55
Gaston Theunynck
70
Toen ik, in het begin van achtenveertig, de bijna-vijftiger Gaston Theunynck leerde kennen (op zijn bikhof, te Esen-Diksmuide), stond hij als kunstenaar nog nergens. Zijn twaalfde kind (het elfde in leven) heb ik weten geboren worden; het is nu gehuwd - en voor de gezegende ouders (uiteindelijk gezegend!) zou de verdiende rust aangebroken zijn, indien de mens-en-schilder al rusten kon!
Onverschrokken (overwegen en handelen steeds bijeen) ging hij het leven in, álle leven. Het kwam op hem toe als een openbaring; hij verwerkte het tot een boodschap: zijn creatief-profetisch temperament bracht hem waar hij nu staat... Alles begon met een verbannen jeugd in Frankrijk, tijdens de eerste wereldoorlog en tot 1920; het werd daarna een gelukkig huwelijk, landbouw en een groeiend gezin, met het toenemend besef van zijn vaderplicht. Maar de tweede wereldoorlog zette de sluis open: de oorlogsburgemeester die zijn dorpsgenoten peilde en de verantwoordelijkheid droeg; - de miskende en vervolgde, die met een diepgaand godsvertrouwen de onvermijdelijke bitterheid te beheersen wist; - de zoekende en reeds-scheppende, die eerst zijn boodschap wilde uitschrijven en daarna pas (op raad van een wijze en trouwe vriend) tot het tekenen kwam; - de hunkerende naar vriendschap en saamhorigheid, onder wiens getrouwen, van het begin en van later, Adelson Vermeulen en Medard Verleye (beiden overleden) niet onvermeld mogen blijven... Toen leerde ik hem kennen. Ik ontmoette de boer, voor wie alle leven (dieren, planten, mensen) een verlokkend mysterie was, de godsdienstige zoeker, die Berdjajew las en die pijn gevoelde bij het statisch en besloten katholieke clericalisme, de tekenaar die ook aan boetseren dacht (die overigens zijn handen wist te gebruiken), met een opmerkelijke zin voor plastische symboliek en lijnencompositie, de ongedurige-geweldige, door het creëren overspoeld als een lage vlakte bij dijkbreuk!... Het wonder kon beginnen; neen! het was begonnen.
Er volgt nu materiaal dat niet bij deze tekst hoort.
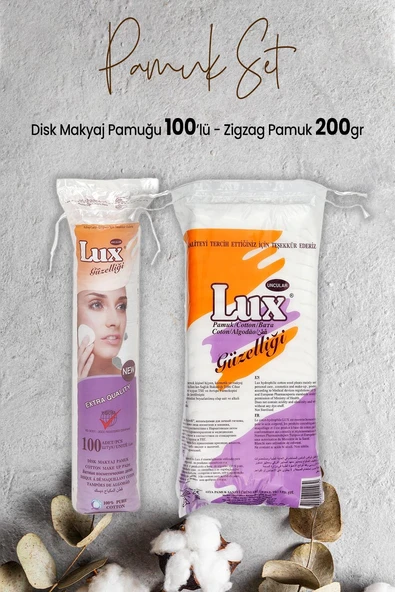 Lux Disk Makyaj Pamuğu 100'lü ve Zigzag Pamuk 200 gr ürün görseli 1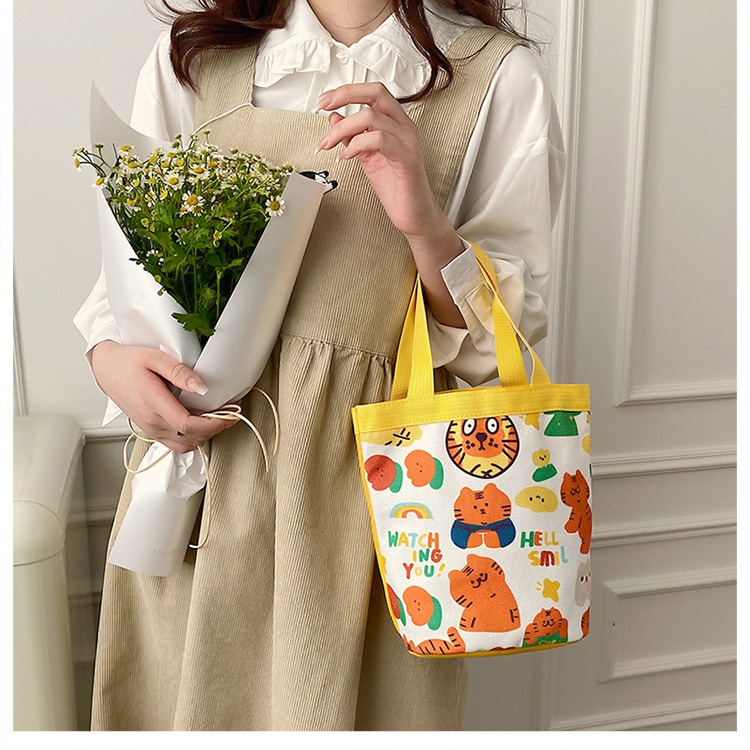 Túi Xách bucket In Hình Hoạt Hình Nhật Bản Dễ Thương Cho Nữ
Met een ongemeen-avontuurlijke creativiteit en werkkracht, met een nog meer verbazend godsvertrouwen en gebedsgeest daaronder, is Theunynck de landschapschilder geworden die we nu kennen. We kennen zijn panoramische landschappen, zee en land, sneeuw en oogst, zijn hemels met fantastische wolken- en zonnekleuren, zijn veelvuldig uitgebouwde composities met harmonie en diepte en eindeloosheid.
We kennen de ongemene kracht van zijn kleuren en licht, zijn aan-de-grens-staan tussen waarneming en droom, dicht bij het nonfiguratieve. We kennen zijn grotere en kleinere taferelen, maar ook de kleinere verruimen de kaders van elk schilderij, en door alles heen stroomt en zweeft en leeft één licht, iets als de glorie van de verrezen Christus. Theunynck ziet en droomt en schildert een allerruimste aarde, nog dramatisch en soms gedrochtelijk, doch reeds getekend met Gods overwinning... En dat is, van die twintig jaar, de wonderbare uitkomst geworden. Of is het nog de uitkomst niet?